Senior officials at the Department of Homeland Security said they “strongly encourage” Haitian recipients of Temporary Protected Status to “resolve their affairs to include obtaining travel documentation.”

“This six-month extension should allow Haitian TPS recipients living in the United States time to attain travel documents and make other necessary arrangements for their ultimate departure from the United States, and should also provide the Haitian government with the time it needs to prepare for the future repatriation of all current TPS recipients,” Homeland Security Secretary John Kelly said in a prepared statement.”

Temporary Protected Status was first granted by the Obama administration to Haiti in 2010 following a devastating earthquake that killed an estimated 220,000 and displacing 1.5 million. The 18-month program had been redesignated three times before Monday’s six month extension.

Related: Haitians in U.S. Hopeful as Trump Administration Weighs Sending Them Home

DHS officials said while conditions in Haiti have improved dramatically, Kelly wanted more time to examine the situation.

Kelly said in a statement that the decision was based on a "careful review of the current conditions in Haiti and conversations with the Haitian government."

“The Haitian economy continues to recover and grow, and 96 percent of people displaced by the earthquake and living in internally displaced person camps have left those camps,” Kelly said in the statement.

U.S. Citizenship and Immigration Services (USCIS) sent a vastly different report about Haiti's conditions in December. The island-nation was still plagued by a cholera epidemic, inadequate medical care, an unstable economy, a lack of enough food and housing and rampant security threats.

Advocates for Haitians also say conditions have not improved enough for Haitians to return home.

But Trump has taken a tough stance on immigration — legal and illegal — and it's a core issue for many of his supporters.

Related: DHS Chief Kelly Asks for Criminal Histories of Thousands of Haitians Seeking to Stay in U.S.

Temporary Protected Status is given to citizens of countries devastated by war or natural disasters. A decision to end the program is supposed to be based on the conditions in the home country. But internal government emails obtained by The Associated Press show that as part of the decision-making progress, an official at U.S. Citizenship and Immigration Services had asked for criminal statistics and other information about the Haitian immigrants in the program.

The Homeland Security Department denied that criminal information would be a consideration in the decision about Haiti and that Kelly simply wanted more information about program participants.

The Haitian-American community, lawmakers and the Haitian government have urged the Trump administration to leave the protections in place, saying the country is still not ready to take back immigrants who have been living abroad.

Rep. Frederica Wilson, a Democrat whose district includes Little Haiti in Miami, said Monday the decision was a "blessing for the Haitian community." She said she is inviting Homeland Security officials to visit Haiti to view conditions.

Marleine Bastien, executive director of Haitian Women of Miami, said that claims by U.S. Citizenship and Immigration Services officials that conditions have improved in Haiti contradict findings made by the same agency in December, when Barack Obama was still president.

"They are trying to play with words, claiming they are extending it for six months," Bastien said. If it's only six months, it is clear that their decision is to terminate it, which would be a disaster," she said.

Adonia Simpson, an attorney at Miami-based Americans for Immigrant Justice, said TPS has never been renewed for just six months.

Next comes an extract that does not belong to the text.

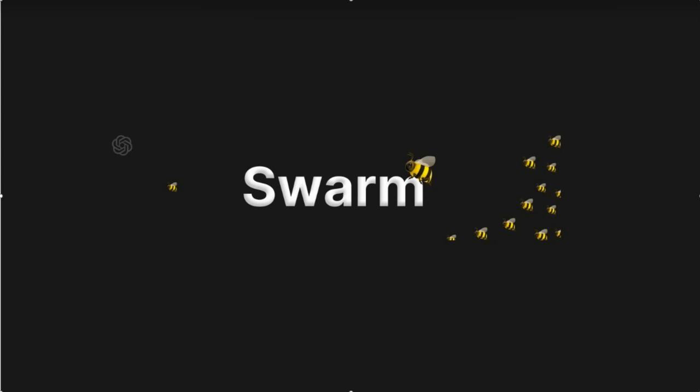Hello everyone, welcome back to my channel. In this video I'm going to introduce you to one of the latest offerings from OpenAI — Swarm. Swarm is released by OpenAI and you can consider it as one of the greatest AI tools provided by them. What this tool does is provide you a framework which can interact with agents in a very seamless way with very few lines of code.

"We don't know what this means. We don't know if this means a termination notice in the coming months," Simpson said. "I'm really surprised."

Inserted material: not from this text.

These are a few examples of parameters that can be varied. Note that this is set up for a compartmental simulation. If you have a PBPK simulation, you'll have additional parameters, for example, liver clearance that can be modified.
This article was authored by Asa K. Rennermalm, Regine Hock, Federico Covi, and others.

Omarosa Manigault, an assistant to the president and director of communications for the Office of Public Liaison, cast the decision as benefiting Haitians. Manigault, a Haitian-American, said she and Trump discussed the program after she visited Haiti as part of a presidential delegation in February.

She said Trump "made a commitment to Haiti and Haitians in the diaspora as well that he was really going to work with them, and for them, and he made a commitment. And this is him making his promise."